セビージャのスタメンは、リコ、ビトーロ、メルカド、パレハ、マリアーノ、エンゾンジ、サラビア、清武、バスケス、ビエット、ベンイェデル。 注目の清武はまたスタメンである。代表では左寄りで起用されることの多い清武、セビージャでは右寄りで起用されることが多い。また開幕前は中盤や前線でだったビトーロが左SBに起用されている。そして開幕前と異なる点は他にもあり、2トップになって、ベンイェデルがスタメンとなった。 チリ代表を率いて2015コパアメリカを制した名将サンパオリが、いよいよ欧州の舞台に登場する。結果を出せるか期待がかかる。

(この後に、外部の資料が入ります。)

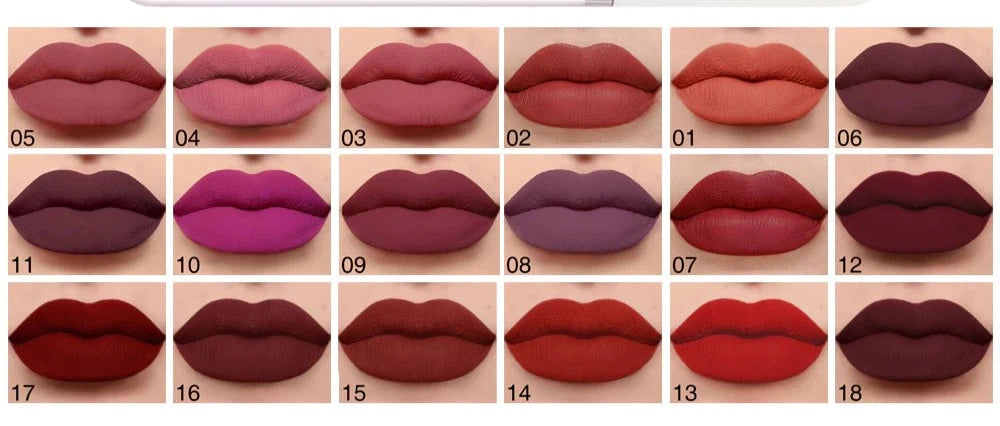 Batom Matte à Prova d'Água | 18 Cores Luxuosas - Luna Fashion Style -
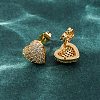 Brass Micro Pave Cubic Zirconia Stud Earrings EJEW-F418-08G-5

エスパニョールのスタメンは、ヒメネス、ルーベン、オスカル、ゴンザレス、ロペス、ピアッティ、サンチェス、ディオプ、ペレス、モレノ、バチストン。 監督はなんとキケ・サンチェス・フローレス。レアルの下部組織で指導者をし始めた監督で、バレンシア時代のCLでの活躍が懐かしい。中東での監督を経由し、プレミアにも行ったものの、リーガに帰ってまいりました。 ちなみに俊輔がエスパニョールにいた時、現在セビージャでキャプテンをはるパレハが同僚だったらしい。